Improving Accuracy in Congressional Scorekeeping

Report Budget and Spending

Improving Accuracy in Congressional Scorekeeping

September 8, 2016 7 min read Download Report
Romina Boccia
Former Director, Grover M. Hermann Center
Romina was a leading fiscal and economic expert at The Heritage Foundation and focused on government spending and the national debt.

Congress should account for debt-service costs when considering the costs of proposed legislation. Current scorekeeping conventions fail to account for debt-service costs when Congress considers new legislation outside of major budget proposals. This leads to lawmakers having incomplete information concerning how a proposal will impact the U.S. budget. The practice further enables added deficit spending by encouraging costly budget practices, such as “spend now, save later,” whereby Congress authorizes immediate additional spending for delayed savings later in the budget window. Including interest costs in legislative cost estimates would improve accuracy in congressional scorekeeping and should be a bipartisan priority.

The CBO Baseline

Several times each year, the Congressional Budget Office (CBO) produces estimates of spending and revenues under current law, based on certain assumptions determined by law under the Balanced Budget and Emergency Deficit Control Act (BBEDCA) of 1985 and general scoring conventions agreed upon by Congress and the executive branch. These estimates, referred to as “the CBO baseline,” project spending and revenues for 10 years from the current year.

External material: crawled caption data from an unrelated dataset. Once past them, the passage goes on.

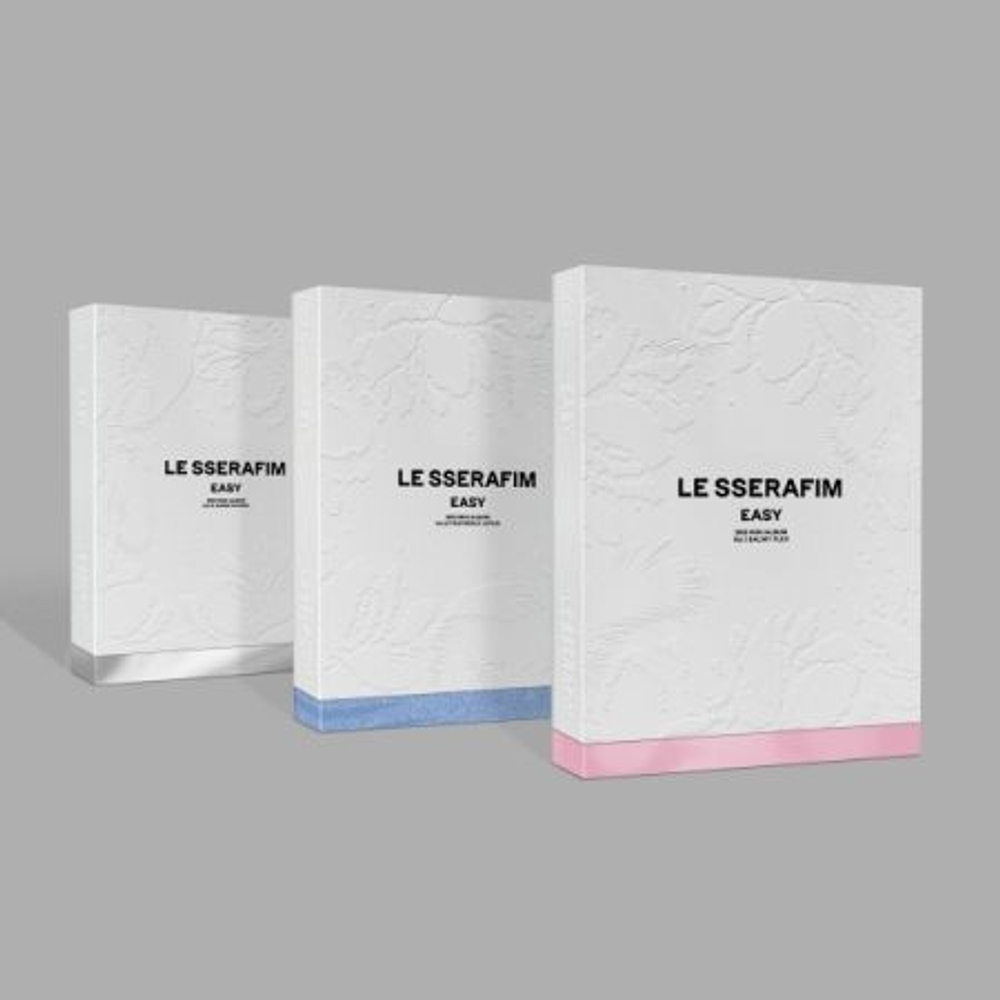 Альбом LE SSERAFIM - EASY 3rd Mini Album 3 Version SET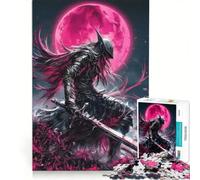 Puzzle da 1000 pezzi "Il Cavaliere Oscuro sotto la Luna di Sangue", gioco rilassante, interazione genitore-figlio, regalo per amici e familiari 50x75cm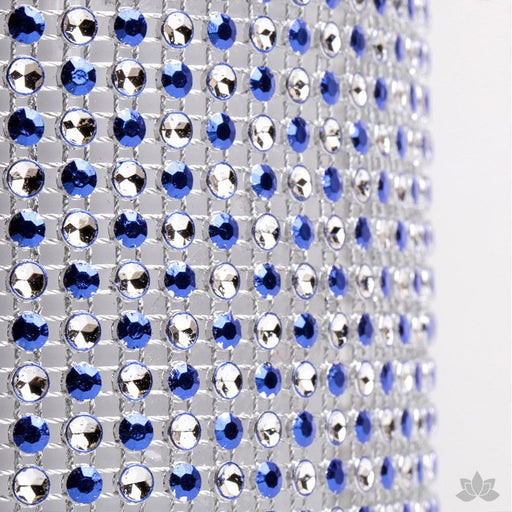 Add bling to your cake with Glam Ribbon Diamond Cake Wraps. Perfect for cake decorating rolled fondant cakes & wedding cakes. Cake decoration. Diamond Mesh. Blue Polka Dot Glam Ribbon - Cake Wrap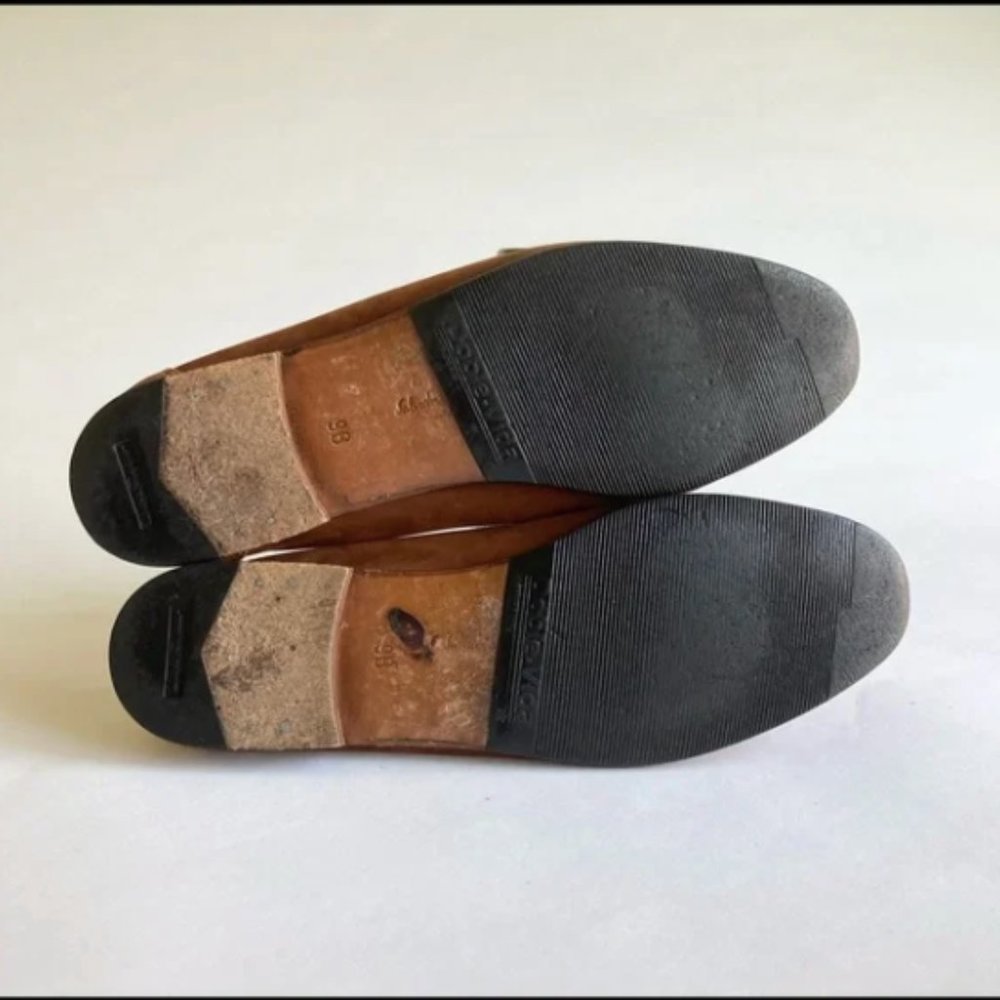 Salvatore Ferragamo Tan Suede Oxford Loafers size 9 - Picture 8 of 15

In establishing the baseline, the CBO makes economic assumptions and budget and technical adjustments that affect spending and revenue programs. These are generally issued each January in The Budget and Economic Outlook[1] and are updated in March and in August. Once a year, the CBO also produces the extended baseline, which projects the 10-year baseline budget out to 30 years, using approximate growth rates, in a report called The Long-Term Budget Outlook.[2]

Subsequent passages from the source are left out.